On the original version the program is using 683blocks and 768 threads per block.
With your modification it is using 32x15=480 and 768 thread/block
However the number of thread is 524288, which in my opininon in the reason why I get
"the does not validate on cpu" and why 683 got chosen, since it is just thread/thread_per_block
This gives me around 36MHash/s
Yes, your numbers are correct, though it is not as simple as dividing the number of total threads by desired threads per block. Not all of the 524288 threads can be executed simultaneously; max resident threads for 3.x-5.x devices is 2048/SM (10240 on 750 Ti for example).

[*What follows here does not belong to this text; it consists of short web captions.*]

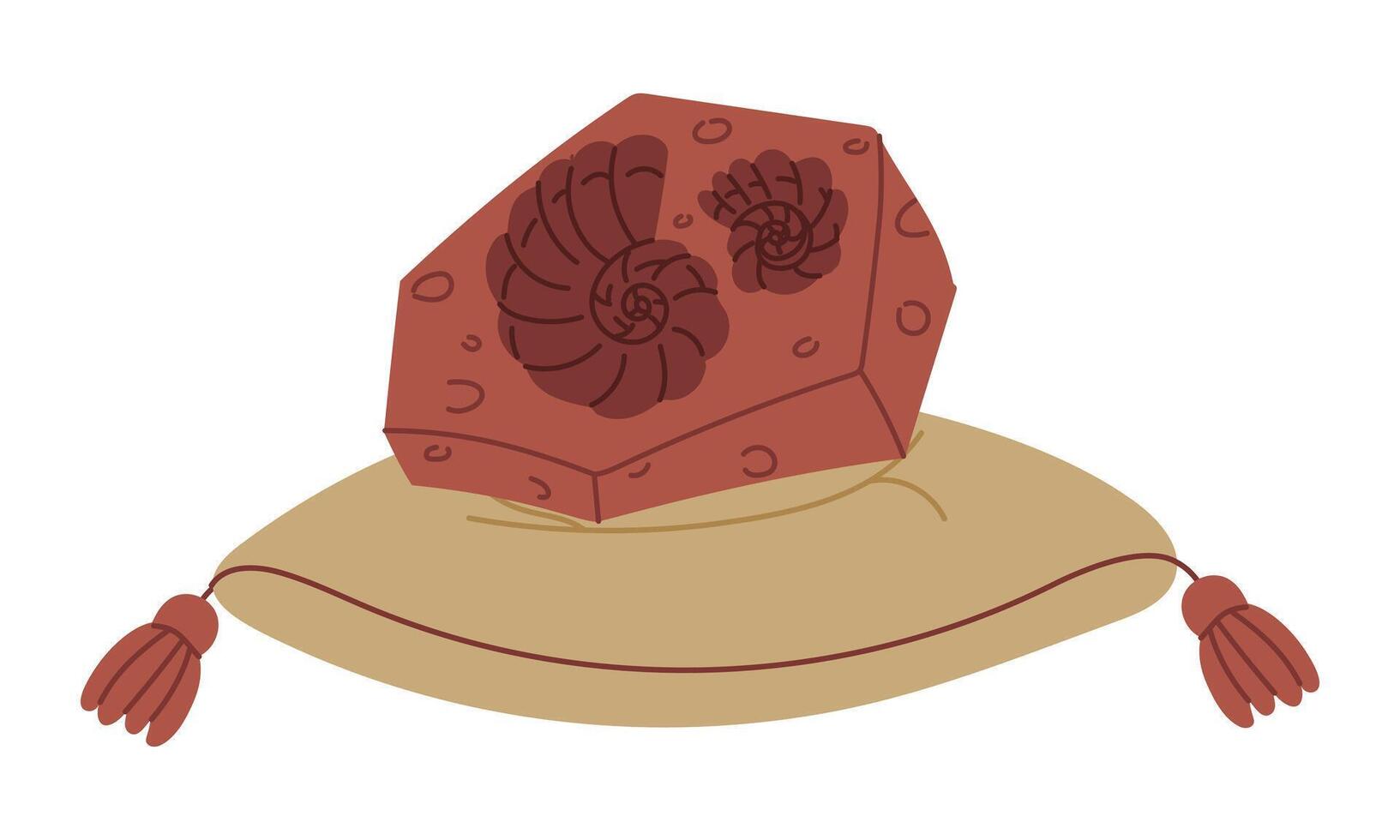 fossil with a shell print in a stone on a pillow as an exhibit in the museum. An archaeological find. Flat color illustration. scientific projects, encyclopedias, museum exhibitions, history vector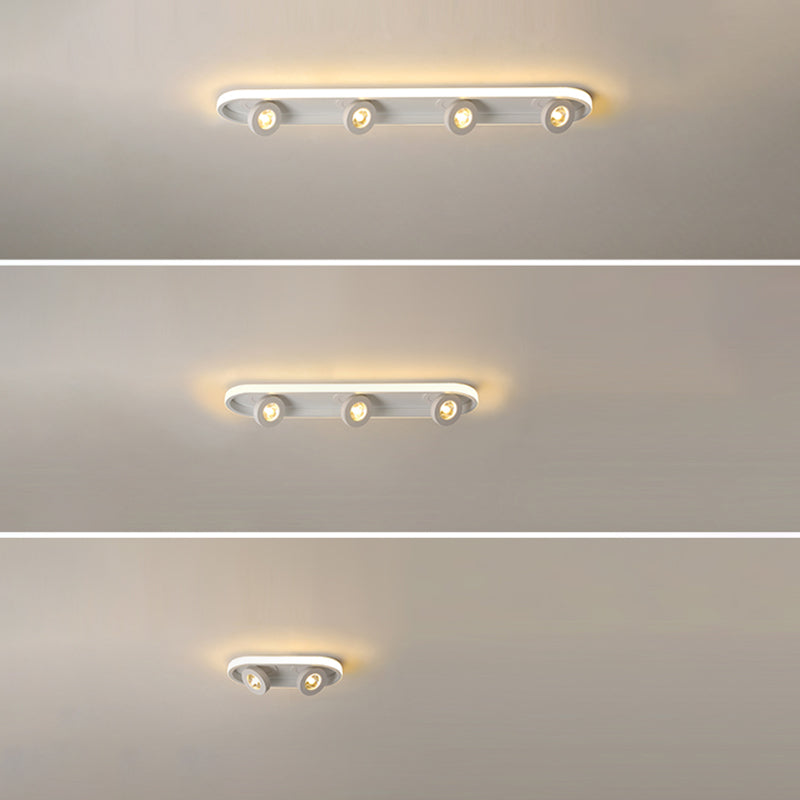Plafonnier LED réglable à 4 lumières, avec têtes d'éclairage sur rail linéaire en aluminium, de Style moderne, pour salon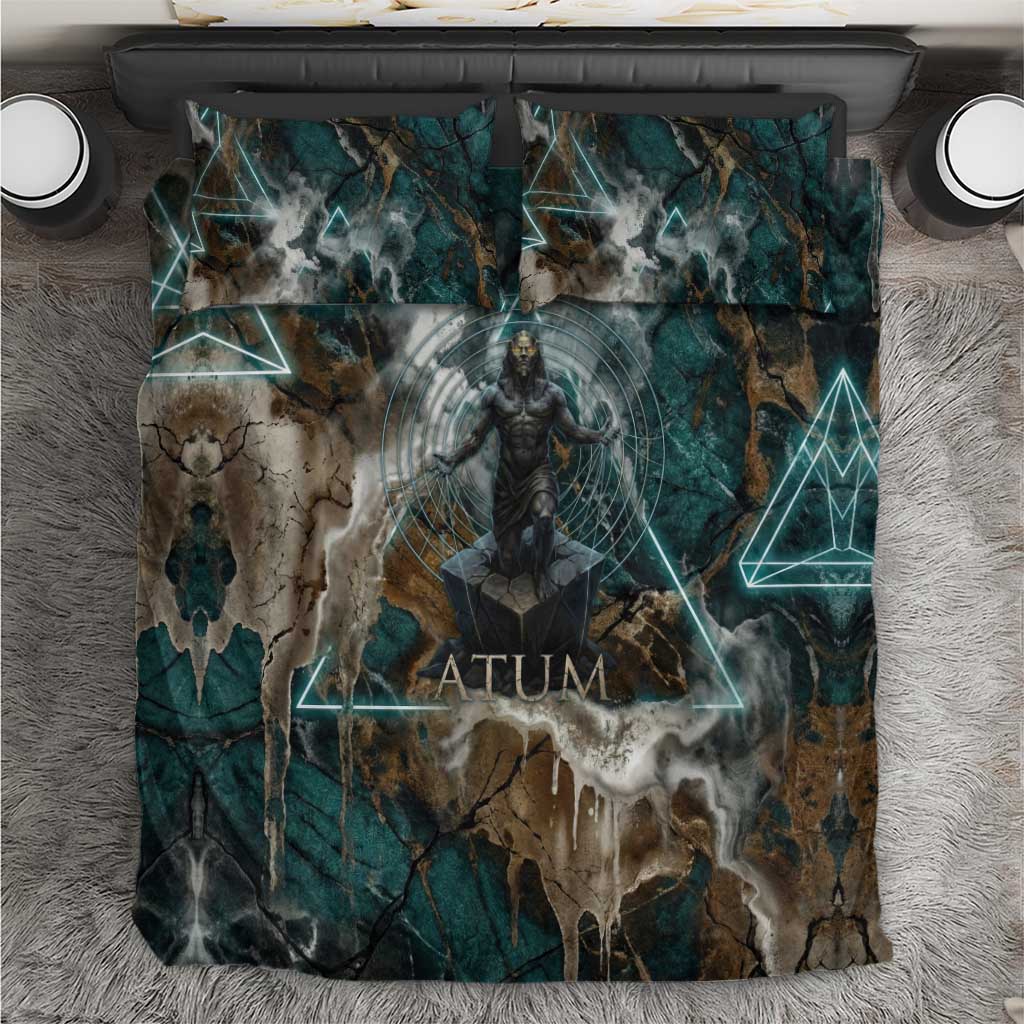 Atum Bedding Set Ancient Egyptian Teal Marble Smoke, Solar Barque Crown, Creator Deity Statue - Wonder Print Shop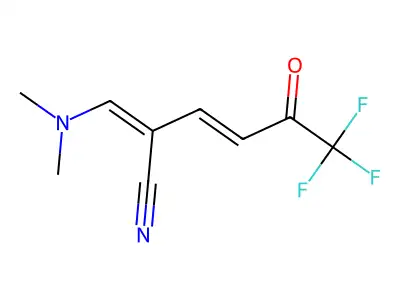 (2Z,3E)-2-[(dimethylamino)methylidene]-6,6,6-trifluoro-5-oxohex-3-enenitrile structure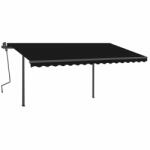 vidaXL Copertină retractabilă automat, cu stâlpi, antracit, 4x3, 5 m (3070229)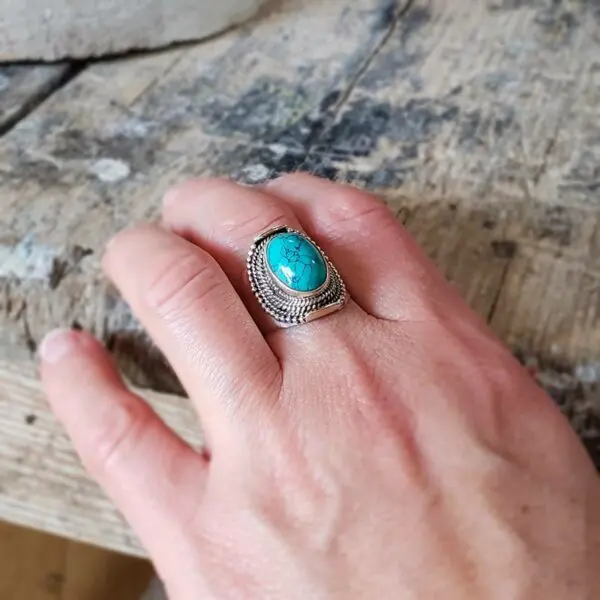 Bague turquoise argent OM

However, they can be
scheduled, and are processed once resources become available as previous tasks complete.
I have the feeling it is faster because it throws away a lot of things...
This is indeed what happens when you get the "does not validate" error. The CPU tries to recreate the hash one last time before submitting it as proof, and it gets dropped if it fails validation. Work in this case is simply trashed. I have not finished instrumenting the code fully to provide exact details. What I do have is verification from pools through higher reported hashrate (calculated from rate of valid shares) and in particular a correlated increase in valid share counts.
Would be interesting to have Christian opinion on that.
In there a way to decrease the number of thread ? (assuming it works) ?
Agreed, I will 100% defer to Christian on this subject